ACTIVITY:
Print the data below exactly as it appears.

RECORDED DATA:

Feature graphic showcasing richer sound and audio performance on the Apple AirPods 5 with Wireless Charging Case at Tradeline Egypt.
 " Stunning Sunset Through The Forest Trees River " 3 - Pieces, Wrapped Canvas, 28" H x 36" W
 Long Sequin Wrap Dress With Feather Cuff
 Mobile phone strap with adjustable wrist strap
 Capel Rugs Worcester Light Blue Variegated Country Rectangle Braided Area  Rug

TASK RESULT:
Feature graphic showcasing richer sound and audio performance on the Apple AirPods 5 with Wireless Charging Case at Tradeline Egypt.
 " Stunning Sunset Through The Forest Trees River " 3 - Pieces, Wrapped Canvas, 28" H x 36" W
 Long Sequin Wrap Dress With Feather Cuff
 Mobile phone strap with adjustable wrist strap
 Capel Rugs Worcester Light Blue Variegated Country Rectangle Braided Area  Rug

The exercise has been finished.